What you should do. Take the lines from the one with "daily double C" through the last line of the material below and write them out exactly, without any pictures.

Raw data.
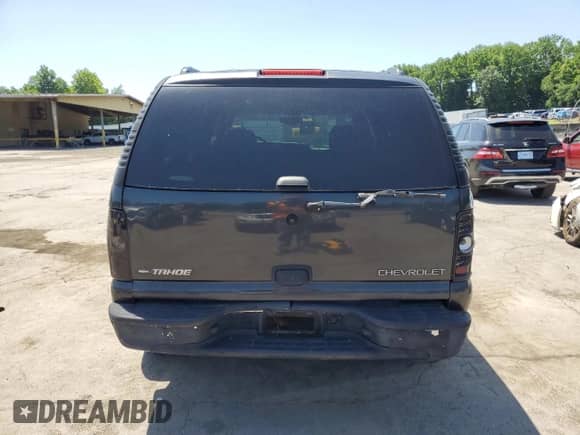 2005 Chevrolet Tahoe LS с VIN 1GNEK13T65J259287, выставлен на аукционе Copart как лот 62181045 с пробегом 39 996 миль миль и Чистый • Clean title. История ставок и продаж доступна на DreamBid. Изображение 6.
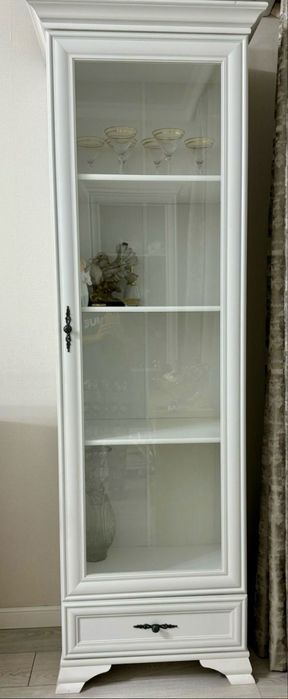 Комод и пенал-ветрины (2 шт)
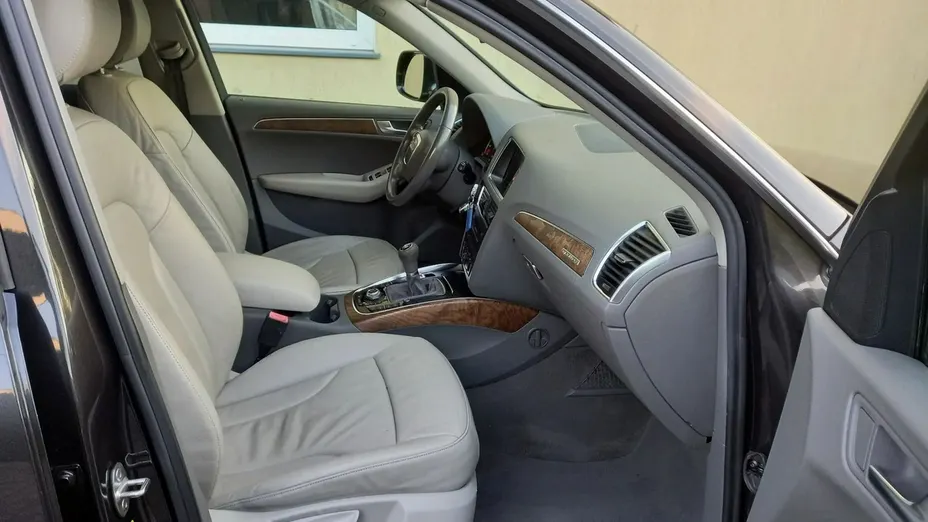 AUDI Q5 -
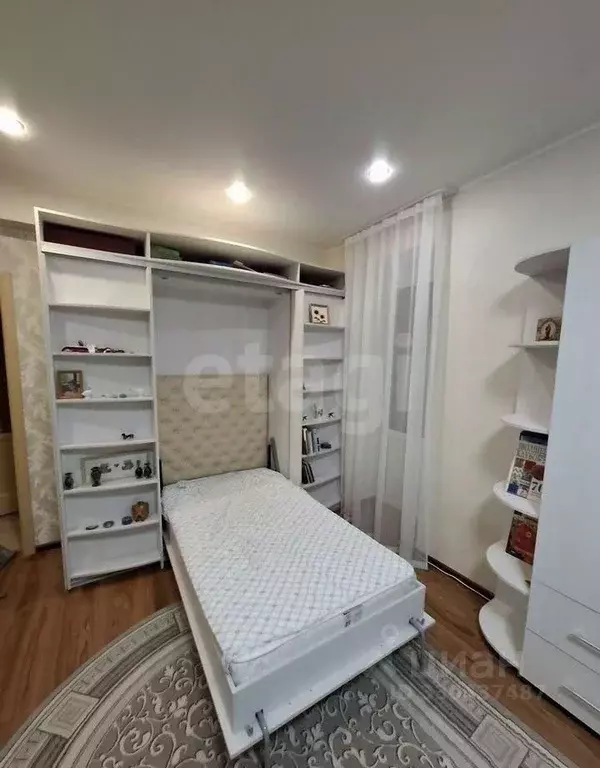 2-к кв. Курская область, Курск Хуторская ул., 12Г (64.8 м) - Фото 1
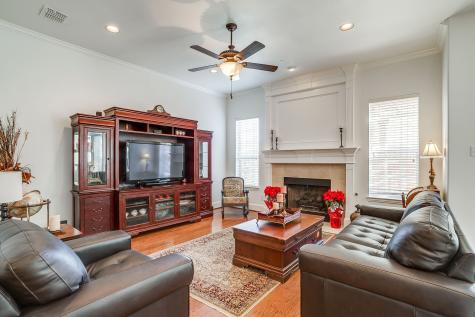 8216 Dogwood Lane Irving TX 75063
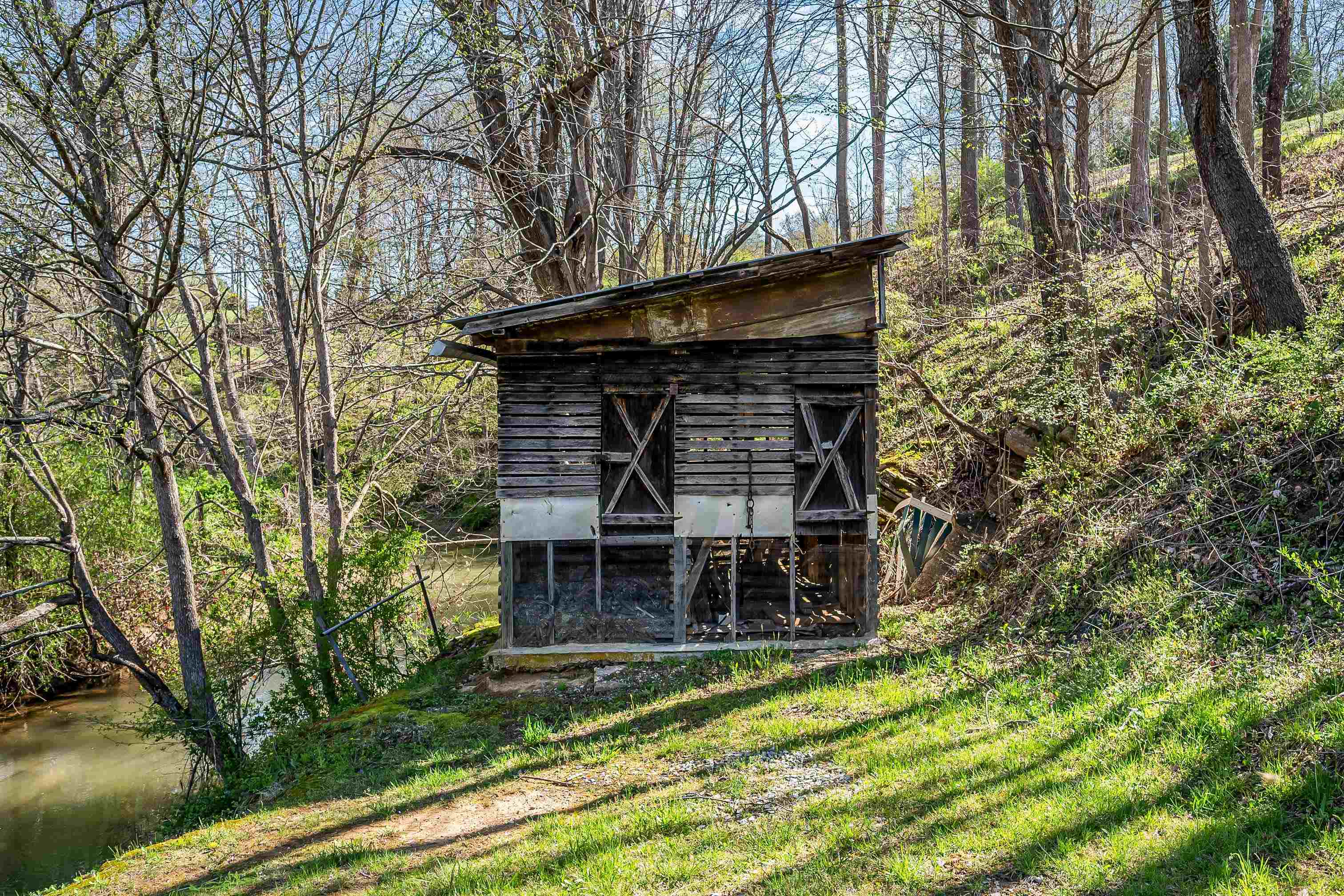 Rural Retreat, Virginia 24368, United States, 3 Bedrooms Bedrooms, ,3 BathroomsBathrooms,Residential,Pending,59132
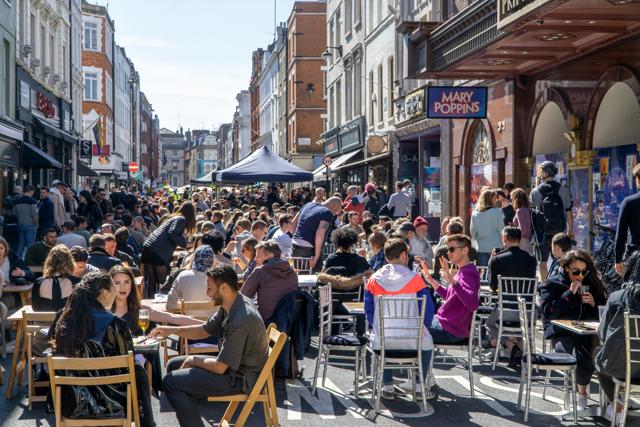 Pubs on Old Compton Street, Soho, central London (cktravels.com / Shutterstock) Pubs on Old Compton Street, Soho, central London (cktravels.com / Shutterstock)
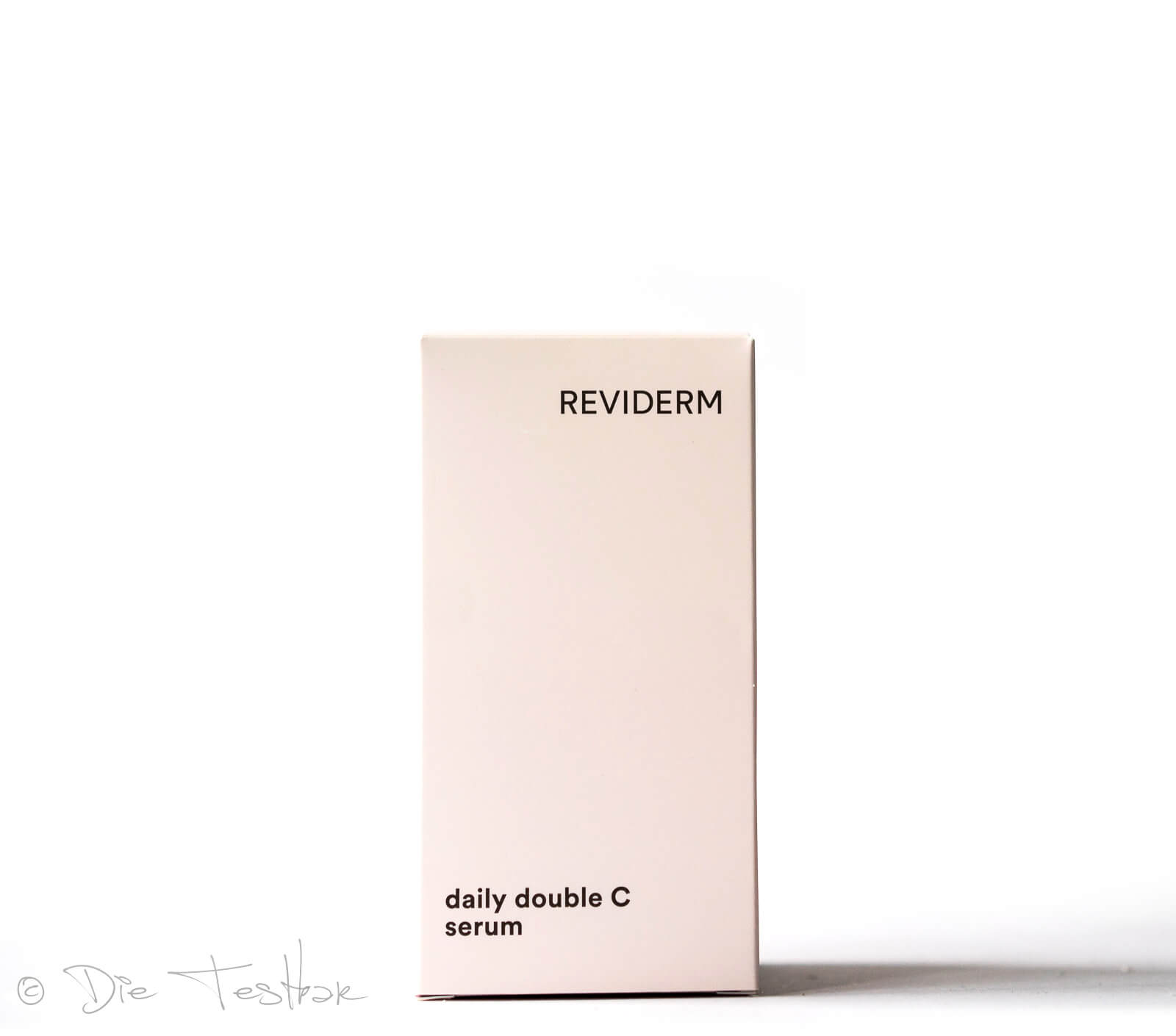 daily double C serum - Straffendes Vitamin C Serum für ein ebenmäßiges Hautbild von Reviderm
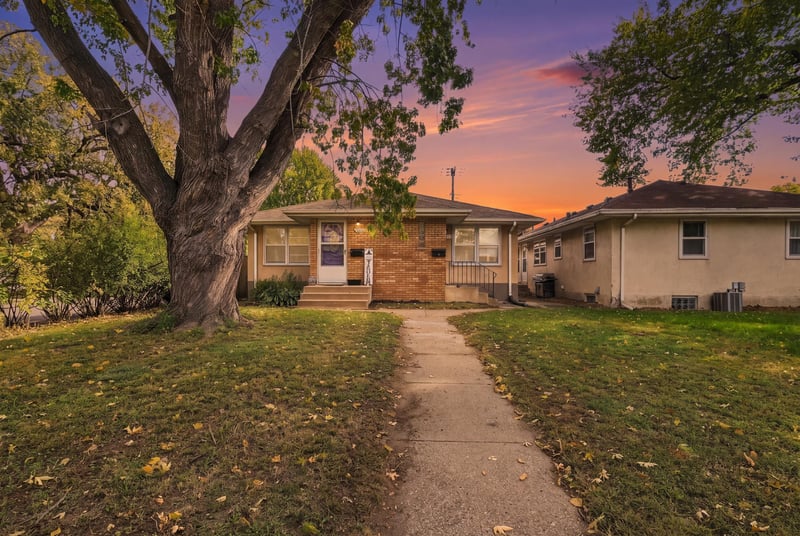 5453 28th Ave S, Minneapolis, MN 55417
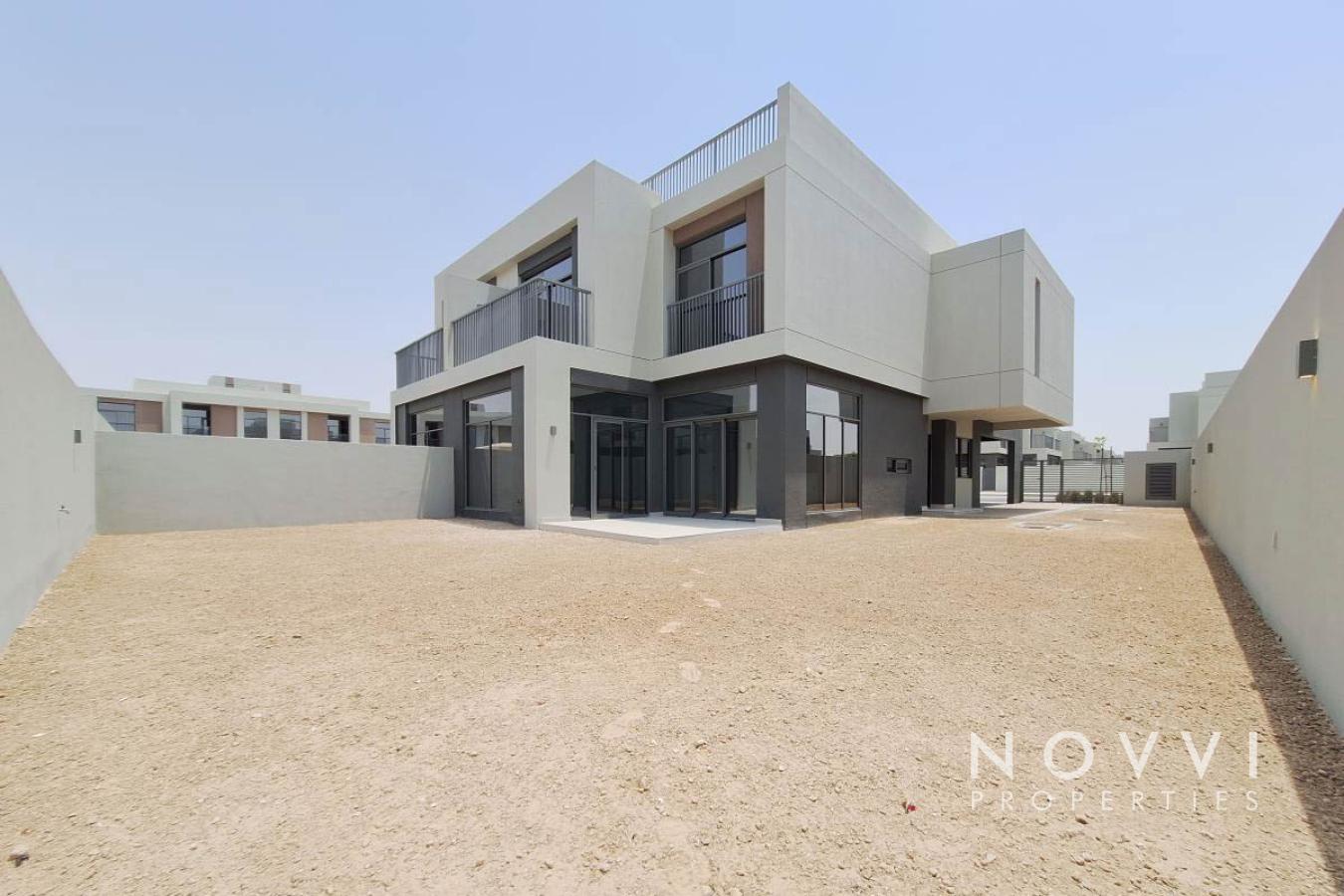 Vastu | Brand New | Close To Beachfront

Written reply.
 daily double C serum - Straffendes Vitamin C Serum für ein ebenmäßiges Hautbild von Reviderm
 5453 28th Ave S, Minneapolis, MN 55417
 Vastu | Brand New | Close To Beachfront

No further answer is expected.